== WHAT YOU HAVE TO DO ==
Keep to the lines from the one with "Внедорожник / Кроссовер" through the end of the data, and write them out exactly.

== Records drawn from a dataset ==

---

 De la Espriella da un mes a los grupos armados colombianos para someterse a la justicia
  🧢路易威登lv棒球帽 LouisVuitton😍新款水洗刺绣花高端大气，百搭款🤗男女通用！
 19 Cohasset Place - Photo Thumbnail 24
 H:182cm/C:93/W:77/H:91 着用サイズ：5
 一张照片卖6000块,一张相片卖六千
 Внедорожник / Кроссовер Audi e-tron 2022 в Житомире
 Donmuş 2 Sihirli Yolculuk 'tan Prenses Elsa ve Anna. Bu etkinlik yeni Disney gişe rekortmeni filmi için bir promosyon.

---

== RESPONSE TO THIS EXERCISE ==
 Внедорожник / Кроссовер Audi e-tron 2022 в Житомире
 Donmuş 2 Sihirli Yolculuk 'tan Prenses Elsa ve Anna. Bu etkinlik yeni Disney gişe rekortmeni filmi için bir promosyon.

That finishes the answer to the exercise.